══ Data extract ══
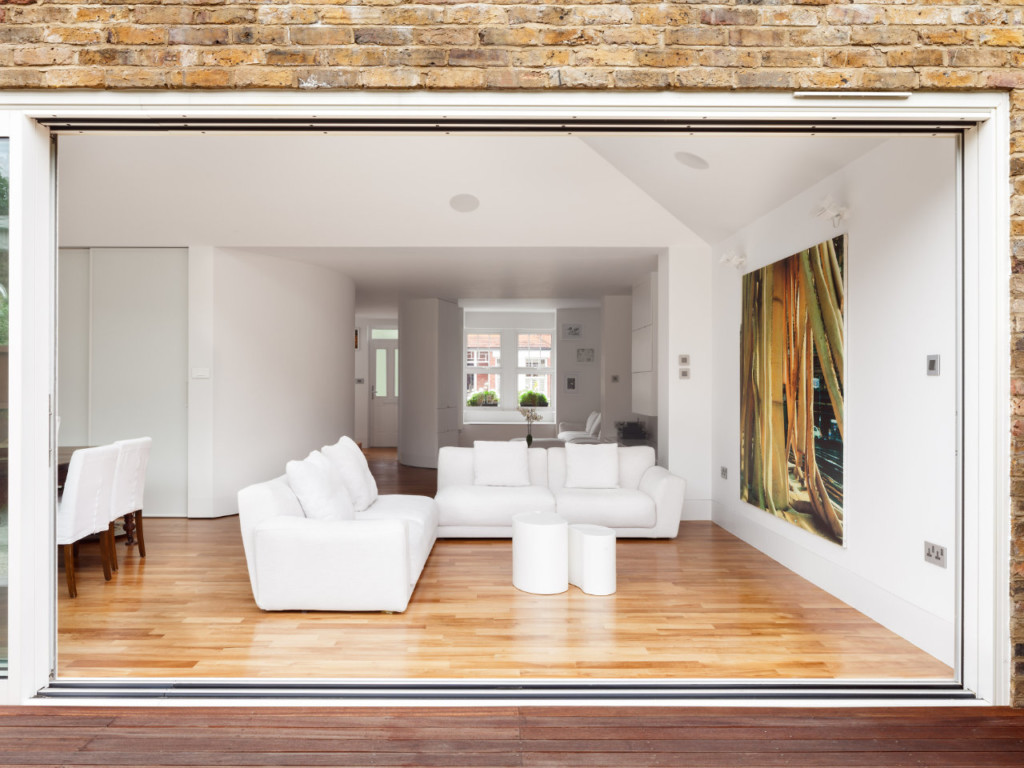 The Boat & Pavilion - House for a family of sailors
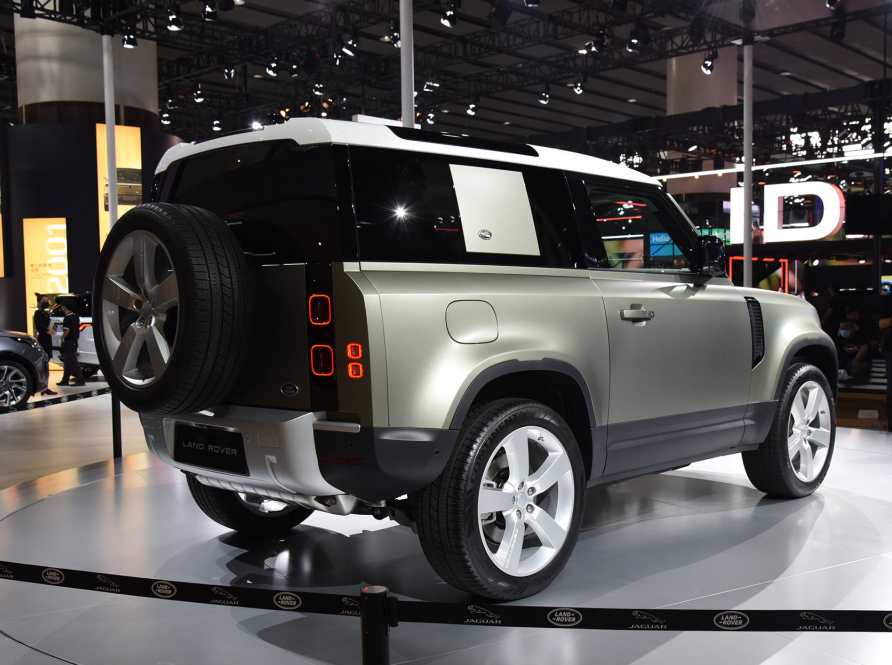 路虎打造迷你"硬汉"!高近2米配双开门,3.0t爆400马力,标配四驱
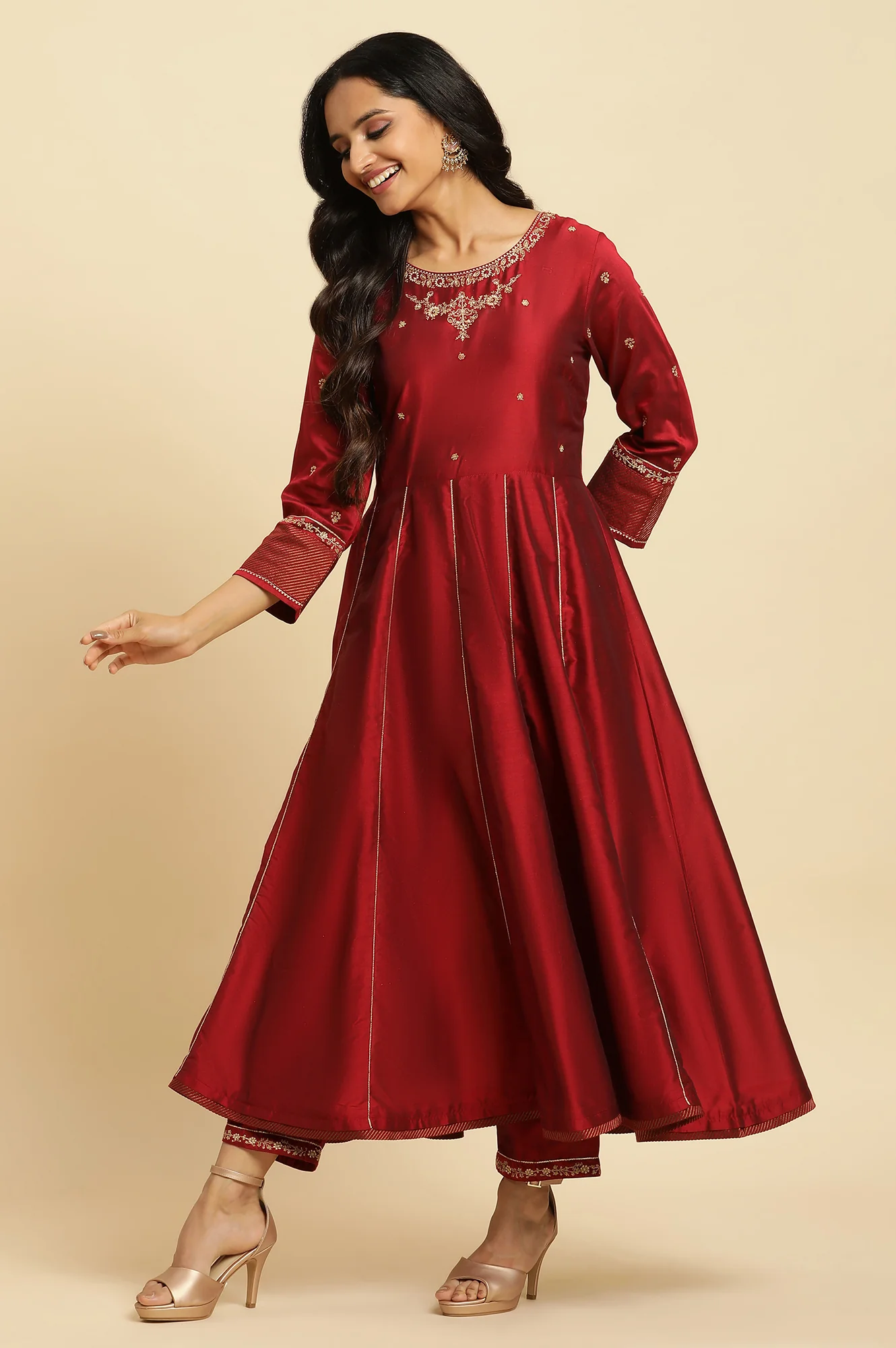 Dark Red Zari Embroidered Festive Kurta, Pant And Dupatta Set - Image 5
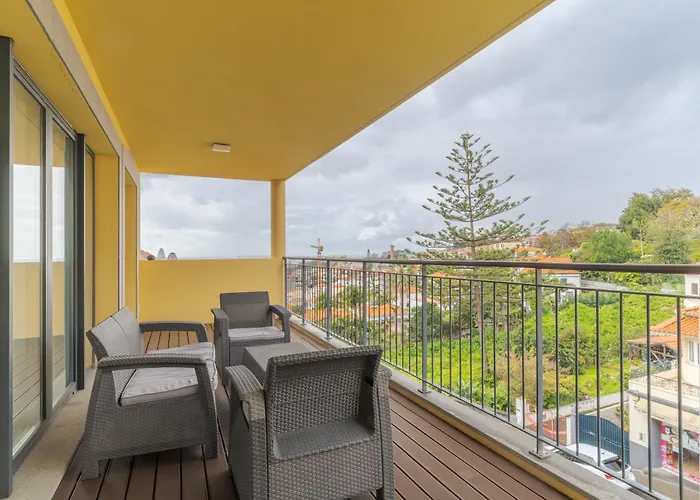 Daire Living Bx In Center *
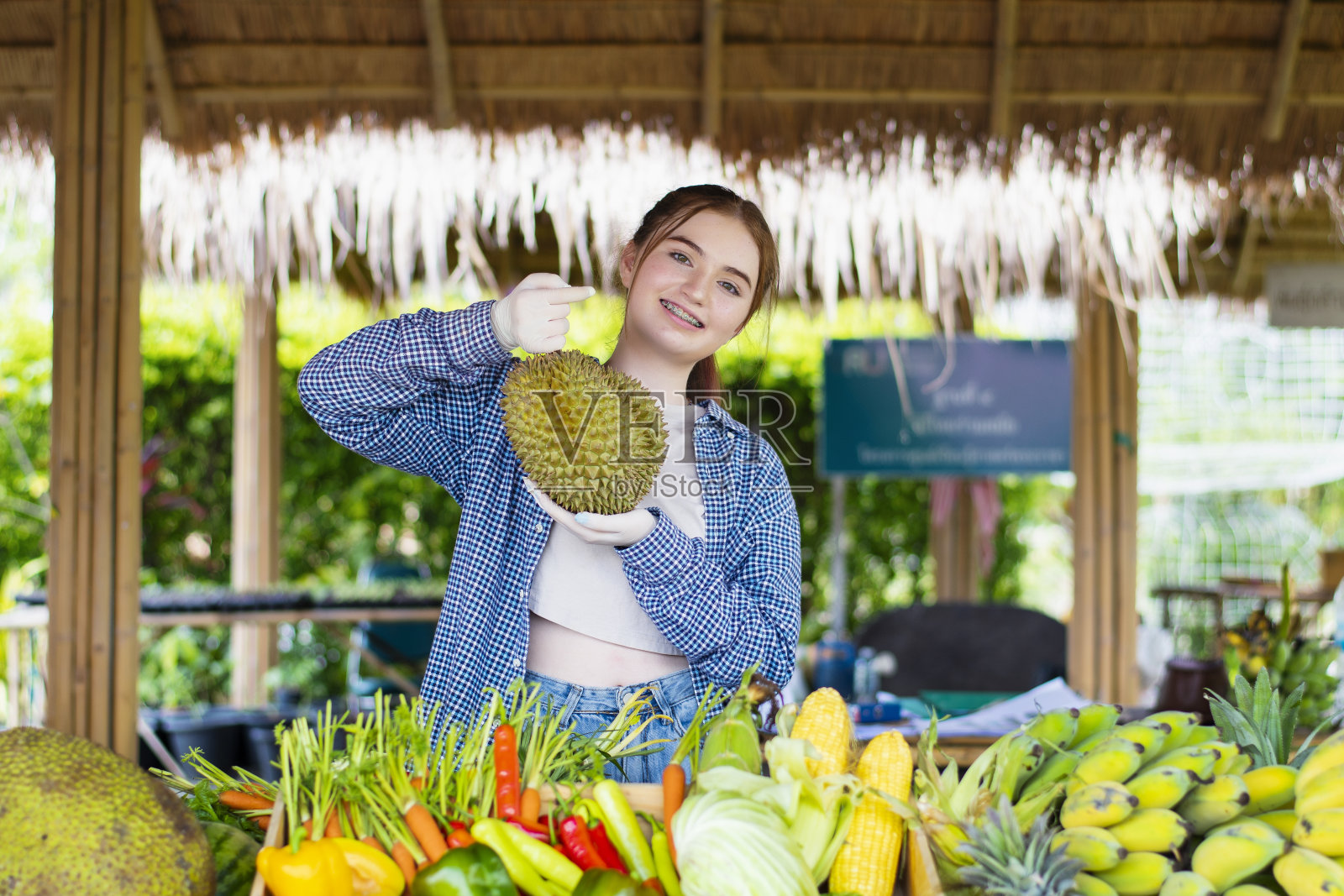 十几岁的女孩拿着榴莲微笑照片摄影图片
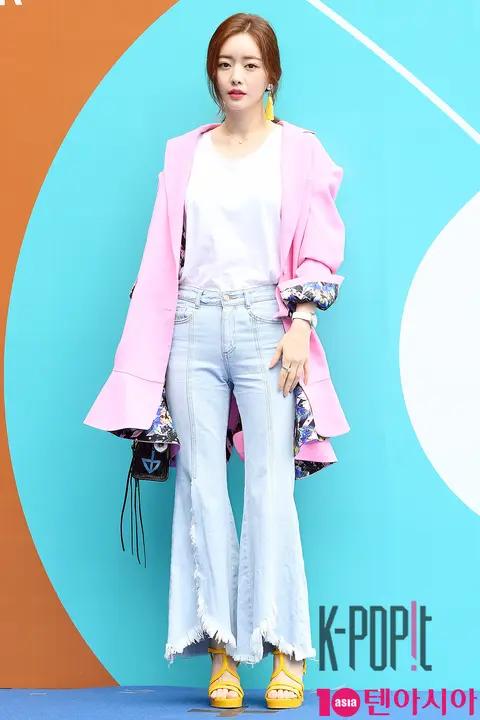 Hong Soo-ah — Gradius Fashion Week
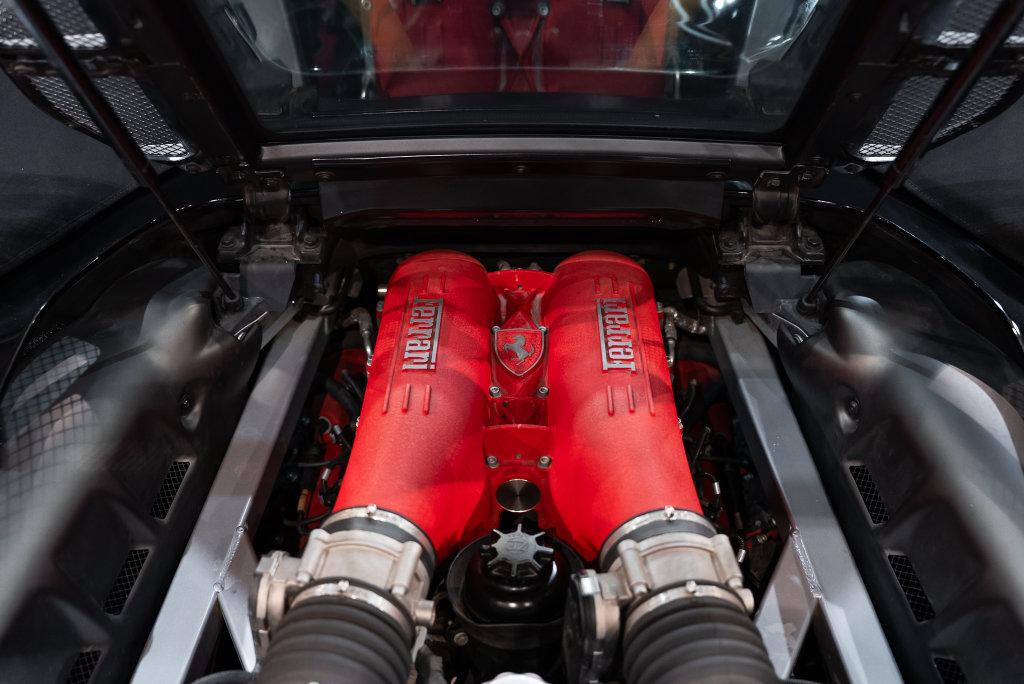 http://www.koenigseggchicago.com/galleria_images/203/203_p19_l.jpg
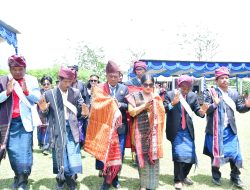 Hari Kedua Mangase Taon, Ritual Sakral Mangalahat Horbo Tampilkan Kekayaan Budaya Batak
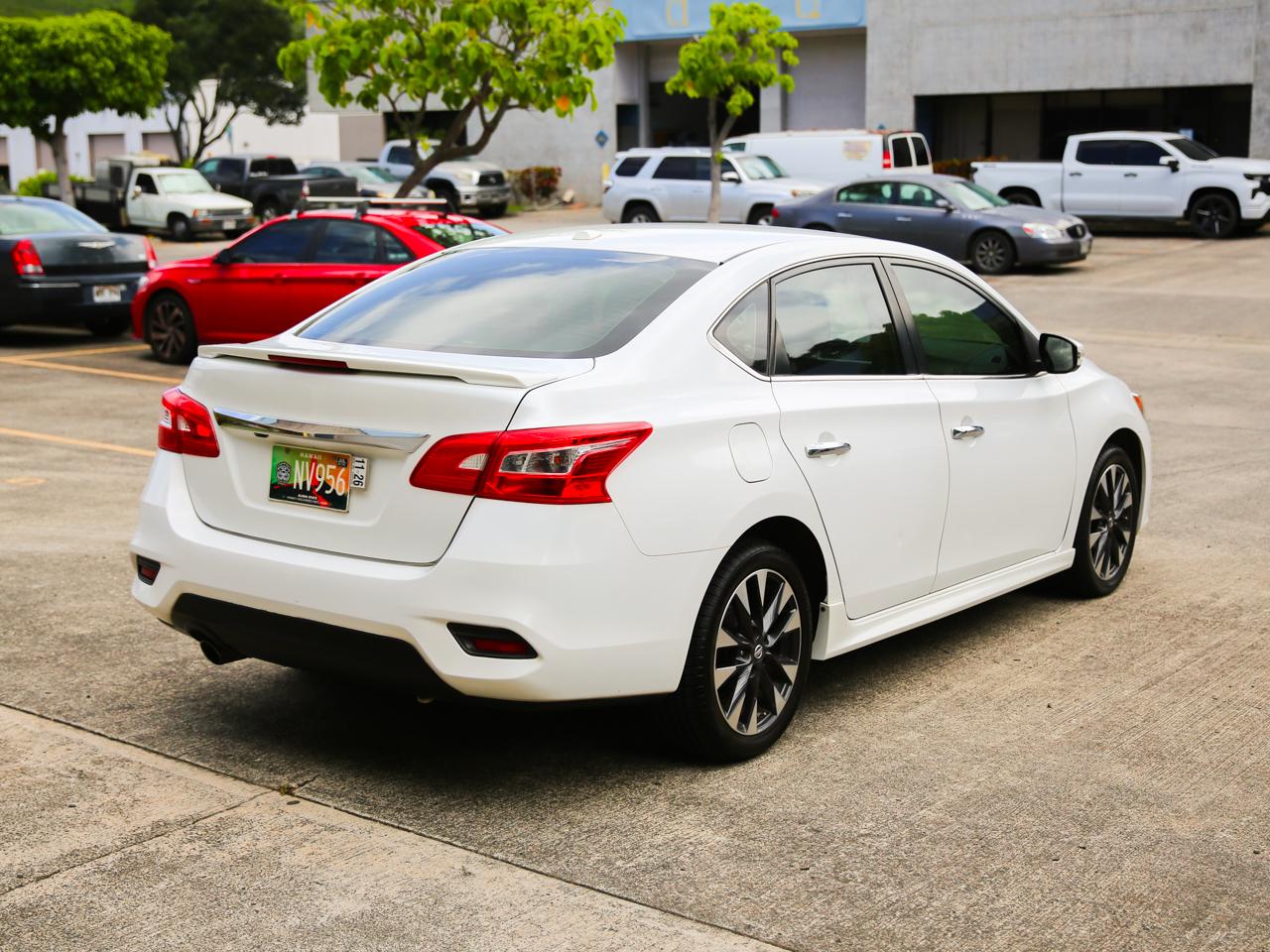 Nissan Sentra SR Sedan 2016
═══
- [What needs to be done]: Only the lines from the one with "Dark Red Zari" through the final line of the data should be written out, exactly and including both ends. Skip the pictures.

- [Answer to the exercise]:
 Dark Red Zari Embroidered Festive Kurta, Pant And Dupatta Set - Image 5
 Daire Living Bx In Center *
 十几岁的女孩拿着榴莲微笑照片摄影图片
 Hong Soo-ah — Gradius Fashion Week
 http://www.koenigseggchicago.com/galleria_images/203/203_p19_l.jpg
 Hari Kedua Mangase Taon, Ritual Sakral Mangalahat Horbo Tampilkan Kekayaan Budaya Batak
 Nissan Sentra SR Sedan 2016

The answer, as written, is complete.